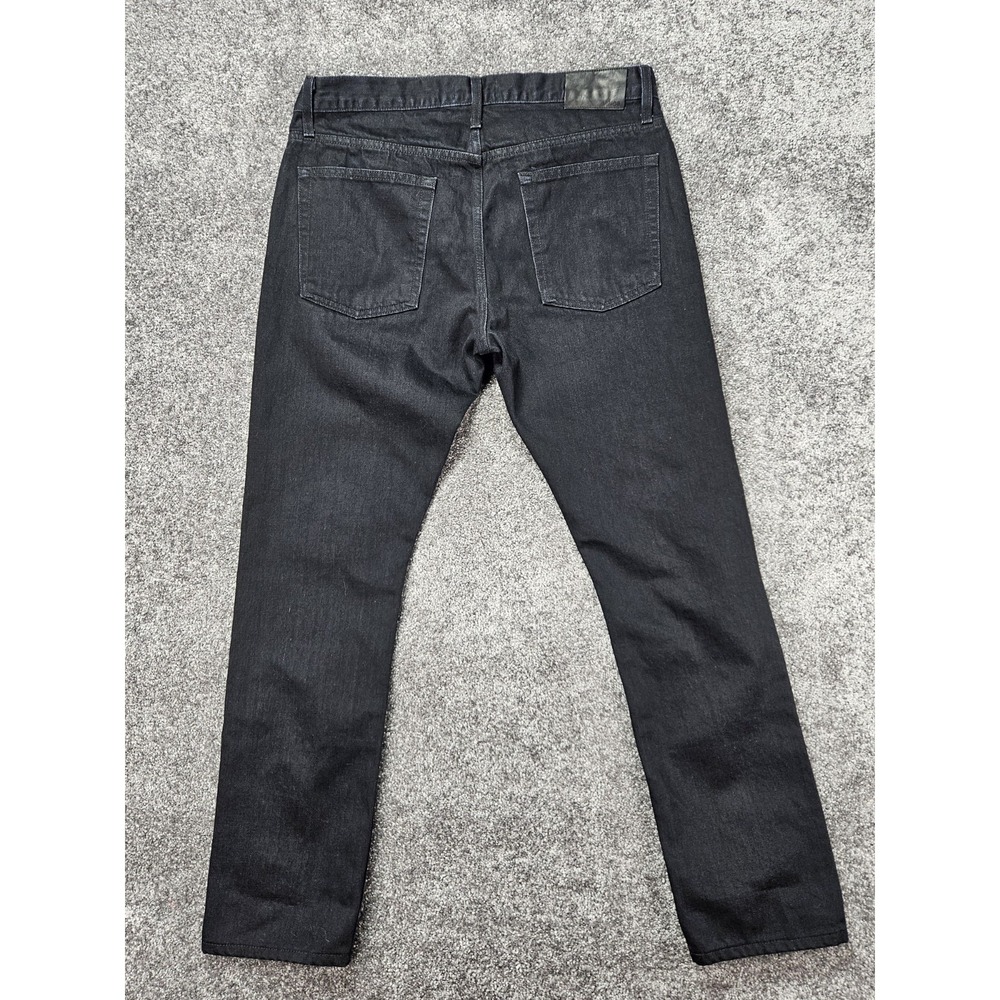 Vince Rhodes Slim Straight Selvedge Jeans Men's 34x31 Black USA Made Denim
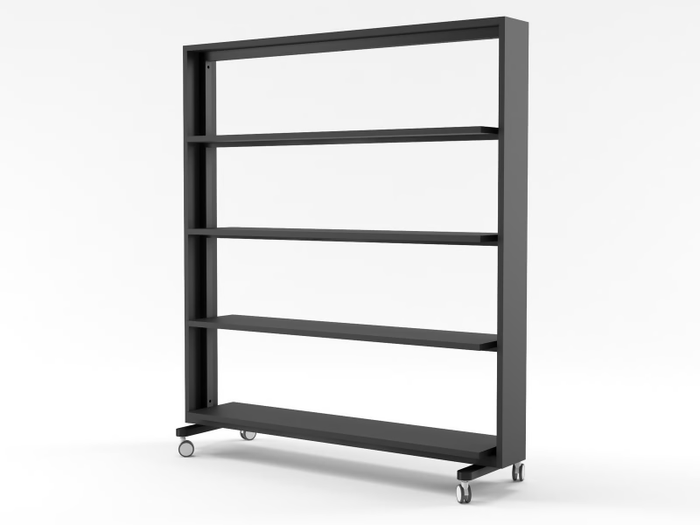 WALKER - Open MDF office shelving with castors _ grado design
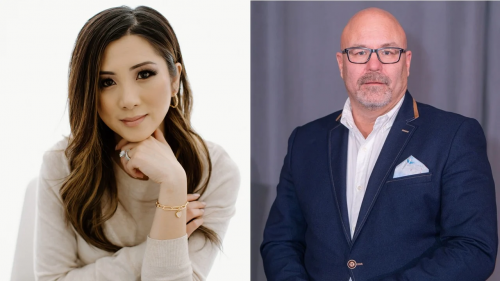 Chau Lui (left) and Eric Senftleben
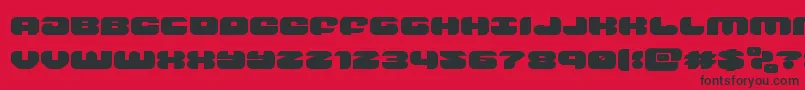 groovysmoothieexpand Font – Black Fonts on Red Background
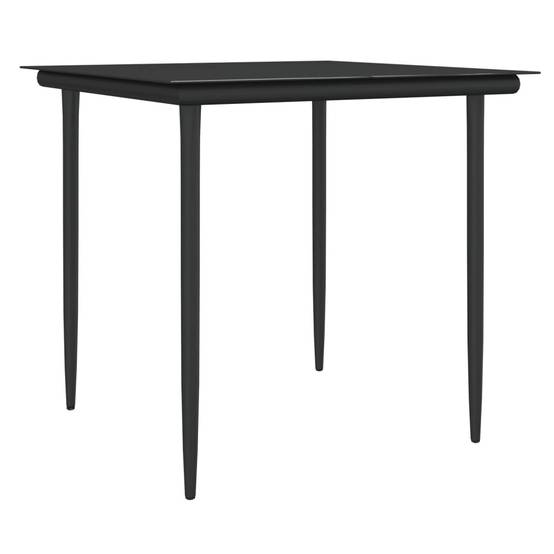 ComfortXL - Set bistrot de jardin 2 personnes résine tressée table verre pour balcon Marron – ComfortXL Outdoor Living - Image 6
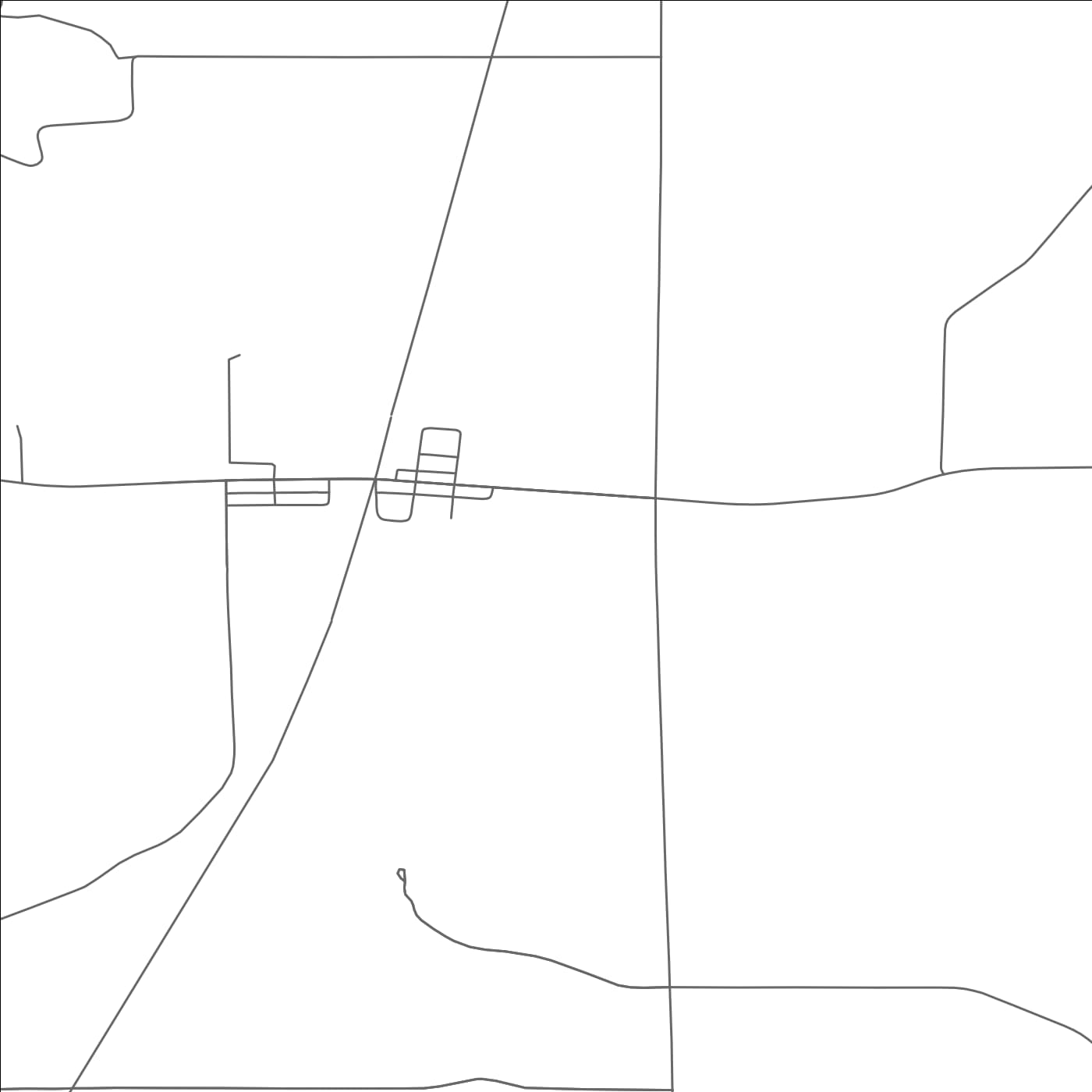 ROAD MAP OF HUSTLER, WISCONSIN BY MAPBAKES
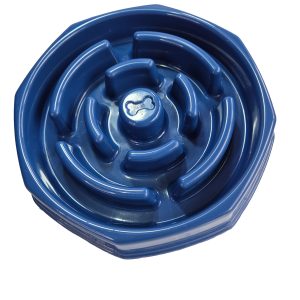 COMEDOURO EDUCATIVO PARA CACHORRO BRINQPET AZUL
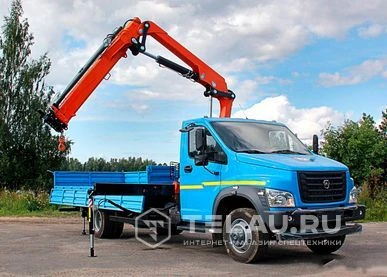 Diesel Truck with Board Platform and Crane, Model 28181-0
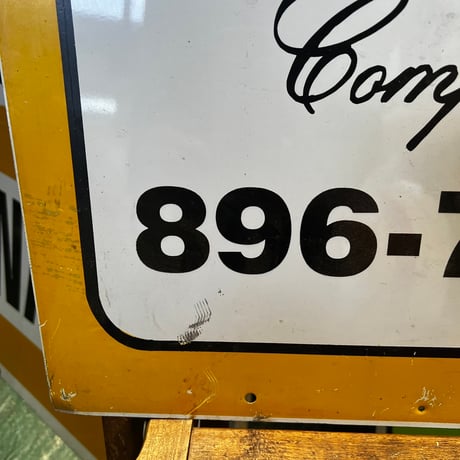 Vintage RAVEN Company 両面 SIGN 17-362-10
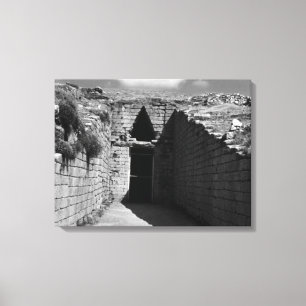 Vintage Greece Athens Mycenae Agamemnon tomb Canvas Print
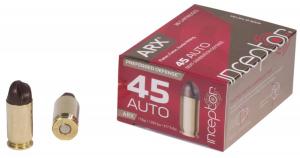 Inceptor Preferred Defense Ammo 45 Auto 118gr Frangible Arx - 45 Auto 118gr Frangible Arx 20/Box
--------
Copy, word for word, the entries above from the first line to the line that holds "Diesel Truck with". Drop the pictures.

 Vince Rhodes Slim Straight Selvedge Jeans Men's 34x31 Black USA Made Denim
 WALKER - Open MDF office shelving with castors _ grado design
 Chau Lui (left) and Eric Senftleben
 groovysmoothieexpand Font – Black Fonts on Red Background
 ComfortXL - Set bistrot de jardin 2 personnes résine tressée table verre pour balcon Marron – ComfortXL Outdoor Living - Image 6
 ROAD MAP OF HUSTLER, WISCONSIN BY MAPBAKES
 COMEDOURO EDUCATIVO PARA CACHORRO BRINQPET AZUL
 Diesel Truck with Board Platform and Crane, Model 28181-0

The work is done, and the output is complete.